Input data:
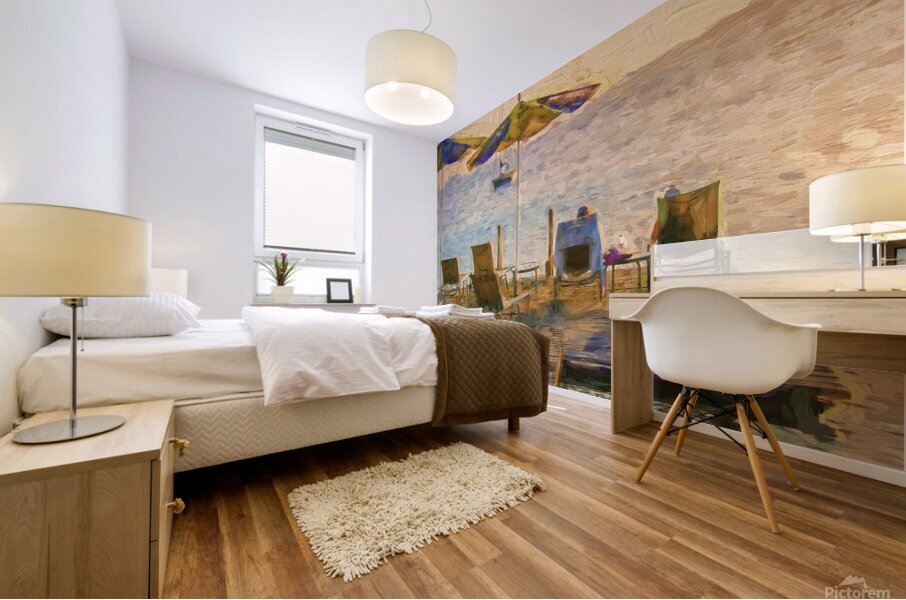 A deck with a view Mural print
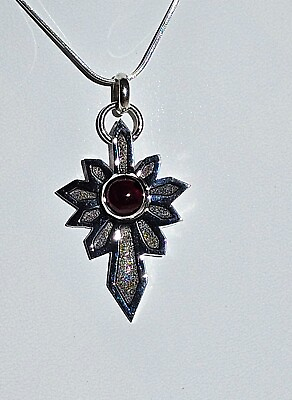 #ad Garnet Sterling Silver Starfire Pendant Silver Necklace Silver Gifts Handmade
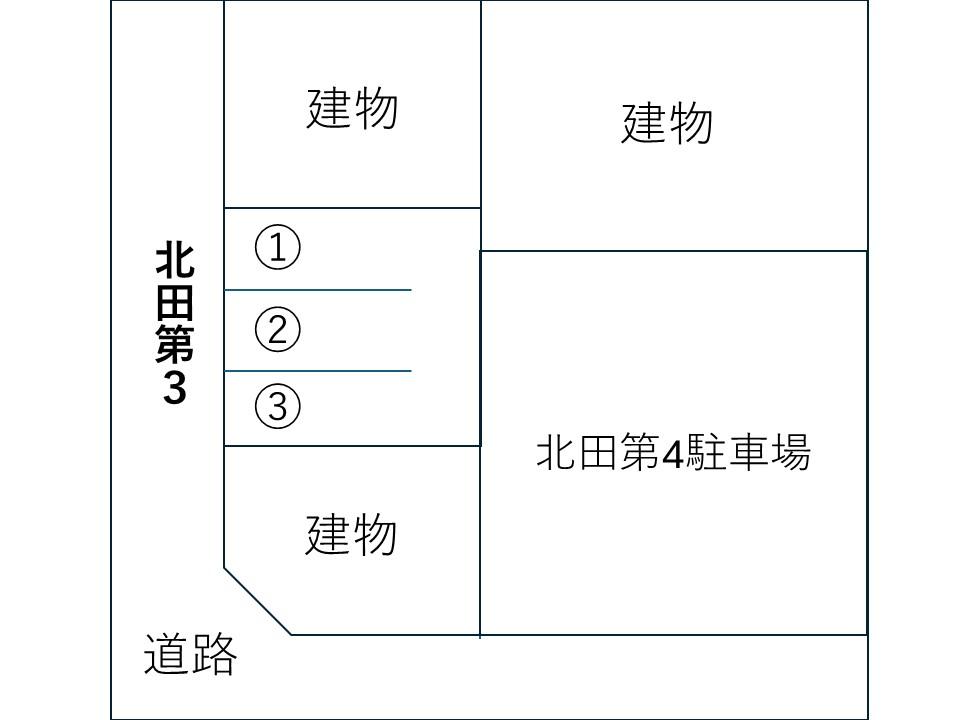 北田第三駐車場の駐車配置図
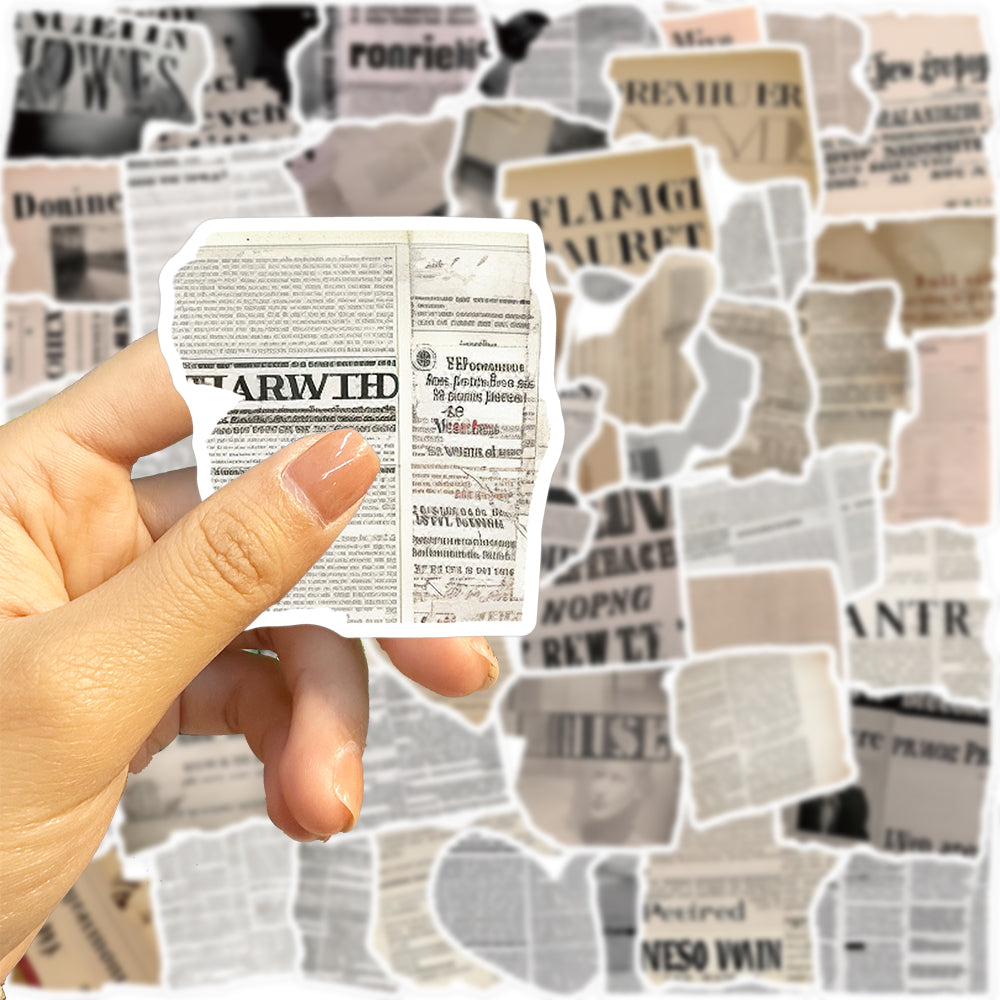 50pcs Fragmentary Text Old Newspaper Shards Stickers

Work instructions:
Drop the images; restate the listing exactly.

Solution:
 A deck with a view Mural print
 #ad Garnet Sterling Silver Starfire Pendant Silver Necklace Silver Gifts Handmade
 北田第三駐車場の駐車配置図
 50pcs Fragmentary Text Old Newspaper Shards Stickers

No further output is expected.